The flowers usually open in one great flush of bloom in the spring, although lemons and acid limes are particularly noted for their tendency to flower throughout much of the year. The flowers are mostly hermaphrodite, releasing pollen when the stigma is receptive; however, staminate flowers occur in the lime, lemon, and citron (Purseglove 1968*) and pistillate flowers occur in 'Satsumas' (Kihara 1951). The pollenless flowers of the 'Washington Navel' are well known for their ability to set parthenocarpic fruit (Webber et al. 1943).

The flowers are in small clusters in the leaf axil of a preceding growth flush but single in the axils of a just-completed growth flush (Coit 1916, Chandler 1958*, Reece 1945). The four to eight, but usually five, oblong, glossy, flared petals arise from the base of the sexual column. The staminate portion consists of 20 to 40 upright white filaments, sometimes united into several groups at the base, with yellow anthers on the tip.

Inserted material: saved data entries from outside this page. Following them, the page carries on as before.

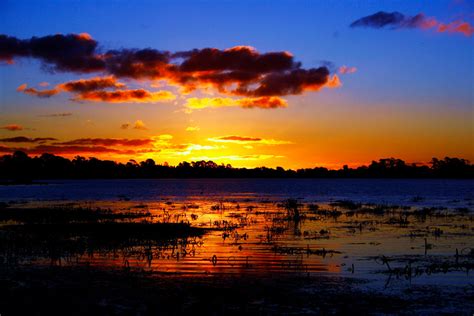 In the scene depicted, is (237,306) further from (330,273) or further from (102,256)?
(102,256)

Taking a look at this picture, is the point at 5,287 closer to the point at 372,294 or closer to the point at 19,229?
the point at 372,294

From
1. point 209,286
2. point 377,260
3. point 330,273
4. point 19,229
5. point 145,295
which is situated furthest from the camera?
→ point 19,229

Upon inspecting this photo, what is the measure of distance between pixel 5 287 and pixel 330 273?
43.2 ft

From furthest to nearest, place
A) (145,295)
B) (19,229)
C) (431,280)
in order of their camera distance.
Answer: (19,229)
(431,280)
(145,295)

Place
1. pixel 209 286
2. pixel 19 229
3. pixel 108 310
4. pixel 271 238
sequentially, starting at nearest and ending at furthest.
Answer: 1. pixel 108 310
2. pixel 209 286
3. pixel 271 238
4. pixel 19 229

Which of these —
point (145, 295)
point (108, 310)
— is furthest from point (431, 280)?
point (108, 310)

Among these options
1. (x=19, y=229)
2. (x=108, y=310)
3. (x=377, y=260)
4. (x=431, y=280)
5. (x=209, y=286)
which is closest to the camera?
(x=108, y=310)

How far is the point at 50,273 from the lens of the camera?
2094 cm

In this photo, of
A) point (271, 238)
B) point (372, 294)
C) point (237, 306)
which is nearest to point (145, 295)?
point (237, 306)

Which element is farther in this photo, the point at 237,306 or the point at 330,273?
the point at 330,273

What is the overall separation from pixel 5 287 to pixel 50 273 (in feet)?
9.36

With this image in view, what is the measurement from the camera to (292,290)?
1794 cm

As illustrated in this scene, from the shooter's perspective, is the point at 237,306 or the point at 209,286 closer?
the point at 237,306

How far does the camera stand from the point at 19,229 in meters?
36.6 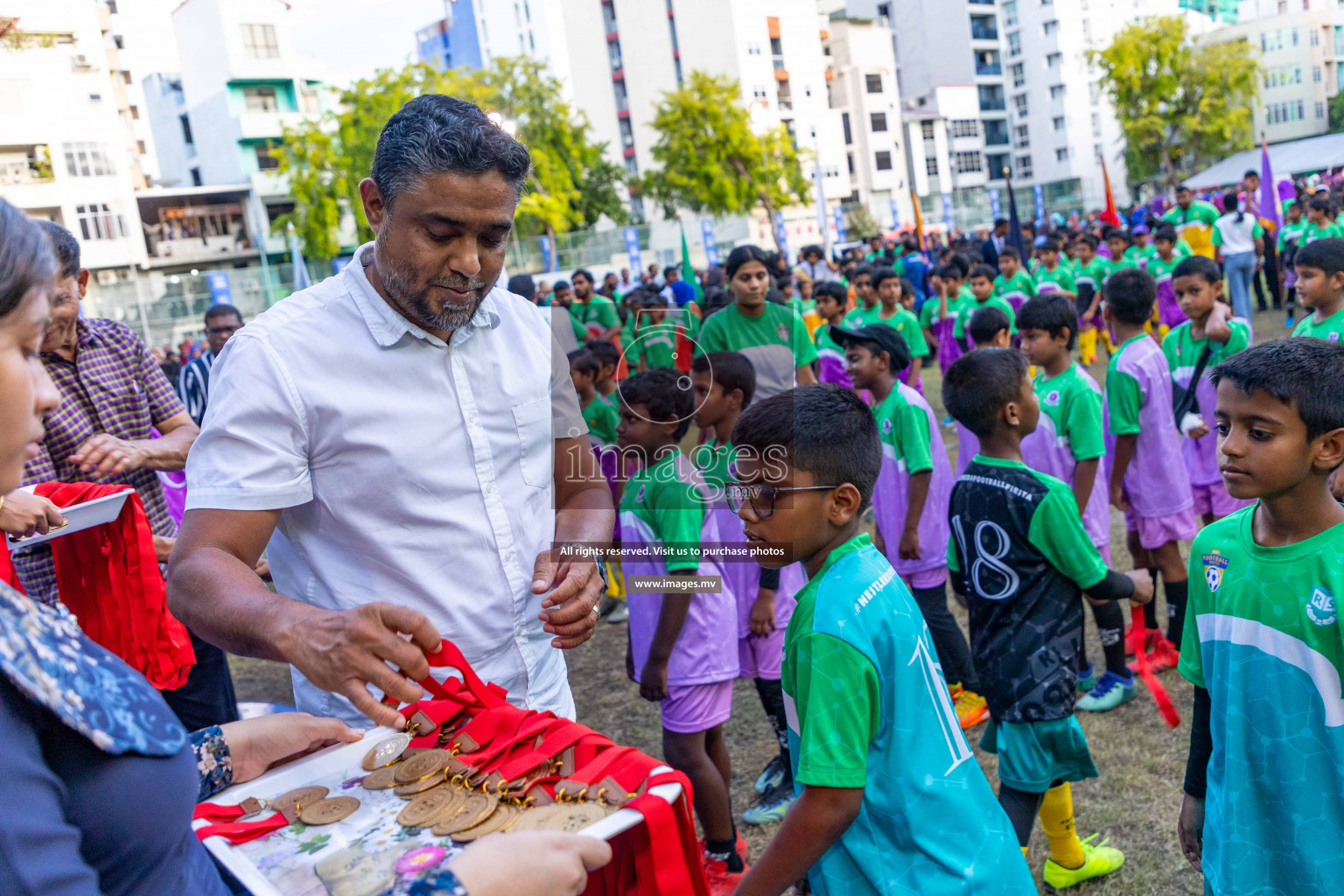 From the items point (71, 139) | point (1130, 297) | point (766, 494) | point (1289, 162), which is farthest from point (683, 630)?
point (71, 139)

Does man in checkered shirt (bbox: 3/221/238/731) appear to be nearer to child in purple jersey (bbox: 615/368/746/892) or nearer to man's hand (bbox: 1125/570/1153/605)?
child in purple jersey (bbox: 615/368/746/892)

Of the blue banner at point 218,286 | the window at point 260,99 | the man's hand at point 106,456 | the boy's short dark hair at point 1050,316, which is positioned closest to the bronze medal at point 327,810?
the man's hand at point 106,456

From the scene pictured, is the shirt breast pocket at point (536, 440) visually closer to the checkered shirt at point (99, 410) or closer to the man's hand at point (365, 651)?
the man's hand at point (365, 651)

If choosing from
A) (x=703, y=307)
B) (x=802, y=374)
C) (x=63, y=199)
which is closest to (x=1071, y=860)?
(x=802, y=374)

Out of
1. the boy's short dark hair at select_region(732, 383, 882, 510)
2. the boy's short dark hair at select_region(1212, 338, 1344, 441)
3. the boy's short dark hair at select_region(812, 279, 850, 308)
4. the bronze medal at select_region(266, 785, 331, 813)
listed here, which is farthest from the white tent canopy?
the bronze medal at select_region(266, 785, 331, 813)

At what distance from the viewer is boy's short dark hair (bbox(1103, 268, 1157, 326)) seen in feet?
15.8

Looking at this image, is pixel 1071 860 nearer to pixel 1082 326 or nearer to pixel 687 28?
pixel 1082 326

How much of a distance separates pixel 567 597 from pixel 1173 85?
46.8 meters

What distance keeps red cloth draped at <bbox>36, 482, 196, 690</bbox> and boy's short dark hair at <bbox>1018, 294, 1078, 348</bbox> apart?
12.3ft

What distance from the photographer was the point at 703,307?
33.5ft

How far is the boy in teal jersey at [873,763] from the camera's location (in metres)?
1.69

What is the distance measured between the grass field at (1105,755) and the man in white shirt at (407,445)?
7.12 feet

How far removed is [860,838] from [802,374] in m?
4.23

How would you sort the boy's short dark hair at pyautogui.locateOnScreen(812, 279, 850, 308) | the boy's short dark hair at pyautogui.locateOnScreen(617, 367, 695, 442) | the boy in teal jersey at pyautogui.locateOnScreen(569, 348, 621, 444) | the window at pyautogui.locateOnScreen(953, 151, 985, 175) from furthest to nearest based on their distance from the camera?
the window at pyautogui.locateOnScreen(953, 151, 985, 175) < the boy's short dark hair at pyautogui.locateOnScreen(812, 279, 850, 308) < the boy in teal jersey at pyautogui.locateOnScreen(569, 348, 621, 444) < the boy's short dark hair at pyautogui.locateOnScreen(617, 367, 695, 442) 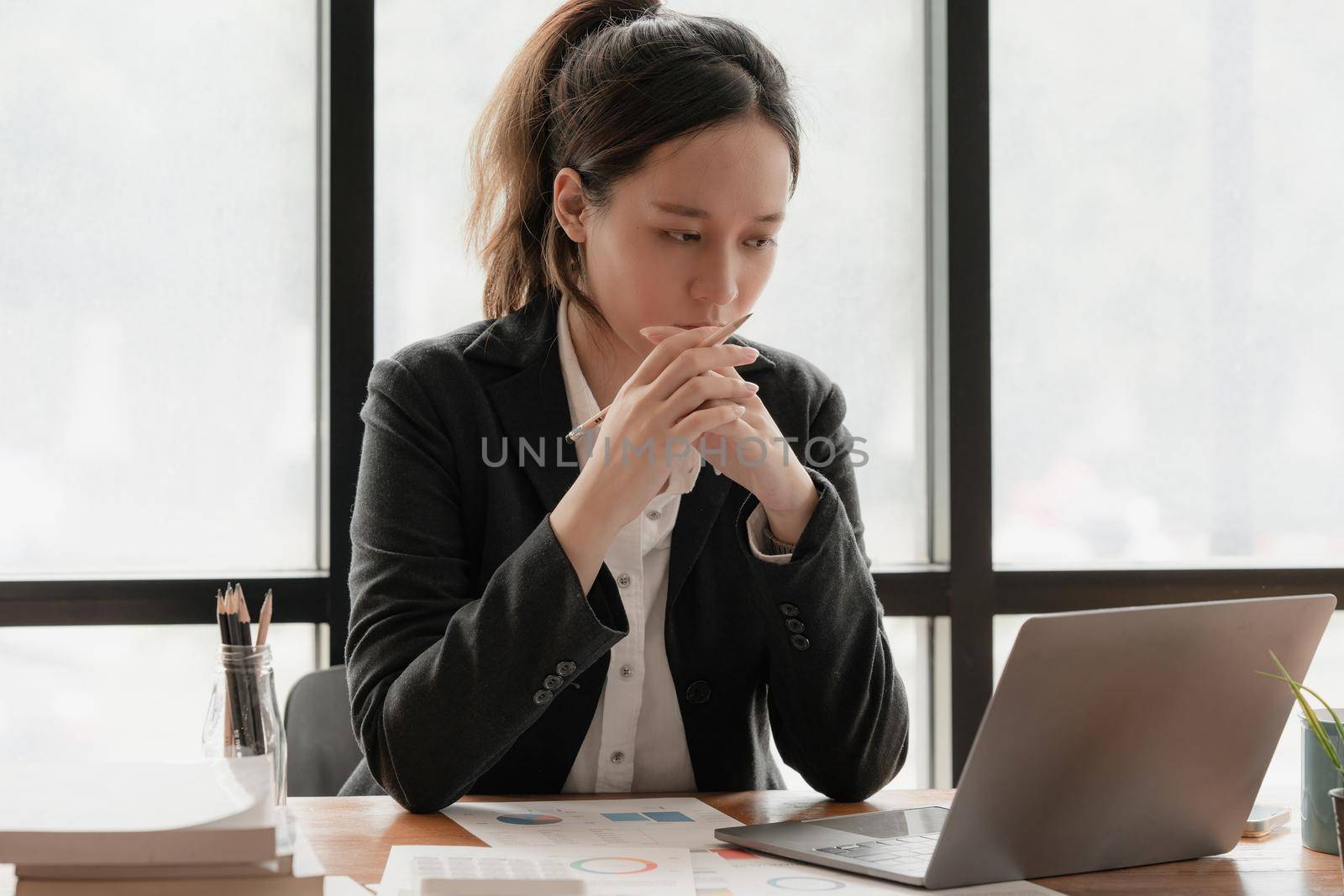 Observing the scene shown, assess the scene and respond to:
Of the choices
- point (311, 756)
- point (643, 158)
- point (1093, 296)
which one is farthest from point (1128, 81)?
point (311, 756)

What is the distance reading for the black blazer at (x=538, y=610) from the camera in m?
1.17

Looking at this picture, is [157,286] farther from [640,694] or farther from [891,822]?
[891,822]

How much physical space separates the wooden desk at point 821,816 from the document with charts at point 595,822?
0.02m

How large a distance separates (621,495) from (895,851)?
1.34 ft

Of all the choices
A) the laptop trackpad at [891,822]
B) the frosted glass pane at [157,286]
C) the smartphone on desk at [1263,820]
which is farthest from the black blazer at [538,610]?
the frosted glass pane at [157,286]

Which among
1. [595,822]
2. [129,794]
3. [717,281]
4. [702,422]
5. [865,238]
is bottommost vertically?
[595,822]

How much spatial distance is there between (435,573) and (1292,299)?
218 centimetres

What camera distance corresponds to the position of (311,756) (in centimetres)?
185

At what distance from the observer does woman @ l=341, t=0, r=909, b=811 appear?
3.90ft

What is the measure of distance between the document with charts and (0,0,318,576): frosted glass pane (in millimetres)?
1374

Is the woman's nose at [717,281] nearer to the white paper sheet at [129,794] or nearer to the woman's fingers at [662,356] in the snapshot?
the woman's fingers at [662,356]

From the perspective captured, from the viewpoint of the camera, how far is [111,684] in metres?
2.39

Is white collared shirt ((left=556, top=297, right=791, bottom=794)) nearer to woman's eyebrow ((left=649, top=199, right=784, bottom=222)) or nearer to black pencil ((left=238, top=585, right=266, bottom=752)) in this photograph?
woman's eyebrow ((left=649, top=199, right=784, bottom=222))

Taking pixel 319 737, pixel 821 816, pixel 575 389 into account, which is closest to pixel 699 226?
pixel 575 389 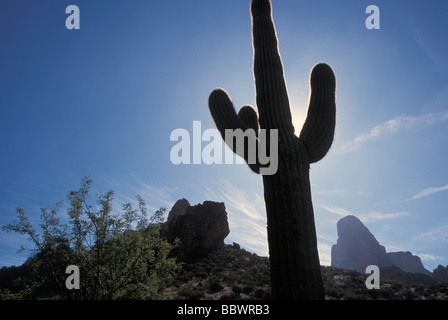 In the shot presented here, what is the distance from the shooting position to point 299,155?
4.36m

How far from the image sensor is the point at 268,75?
5.12 meters

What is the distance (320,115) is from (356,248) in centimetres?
11103

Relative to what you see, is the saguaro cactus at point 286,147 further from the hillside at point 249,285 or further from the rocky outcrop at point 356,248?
the rocky outcrop at point 356,248

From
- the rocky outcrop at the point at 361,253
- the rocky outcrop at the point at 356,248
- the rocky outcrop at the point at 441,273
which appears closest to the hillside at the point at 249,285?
the rocky outcrop at the point at 441,273

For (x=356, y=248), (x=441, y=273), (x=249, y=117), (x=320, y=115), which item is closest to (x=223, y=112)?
(x=249, y=117)

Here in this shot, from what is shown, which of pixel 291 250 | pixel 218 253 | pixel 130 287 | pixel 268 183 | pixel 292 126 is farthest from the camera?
pixel 218 253

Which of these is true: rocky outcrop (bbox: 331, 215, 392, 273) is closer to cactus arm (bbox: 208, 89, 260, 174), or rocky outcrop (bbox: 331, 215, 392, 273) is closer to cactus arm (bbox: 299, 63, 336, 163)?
cactus arm (bbox: 299, 63, 336, 163)

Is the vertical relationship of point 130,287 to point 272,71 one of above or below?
below

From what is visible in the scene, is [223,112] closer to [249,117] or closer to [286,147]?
[249,117]

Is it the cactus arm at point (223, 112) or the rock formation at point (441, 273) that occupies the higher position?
the cactus arm at point (223, 112)

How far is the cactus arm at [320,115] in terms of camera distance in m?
4.73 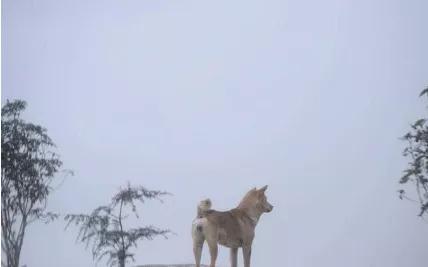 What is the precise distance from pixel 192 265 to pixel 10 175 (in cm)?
148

The globose yellowish stigma terminates the style. At the base, the style unites with the greenish ovary, with its 9 to 13 locules, which stands well above the disk.

Nectar is secreted from the nectary or floral disk just within and above the point of attachment of the stamens. Vansell et al. (1942) stated that secretion of nectar continues at least 48 hours after flower opening. Also, a thick viscous stigmatic fluid is secreted from papillose hairs on the stigma. This material serves to catch and hold pollen grains and provides suitable media for their germination. A similar material can sometimes be seen inside the style, apparently providing a route and media by which the pollen tube may reach the ovary.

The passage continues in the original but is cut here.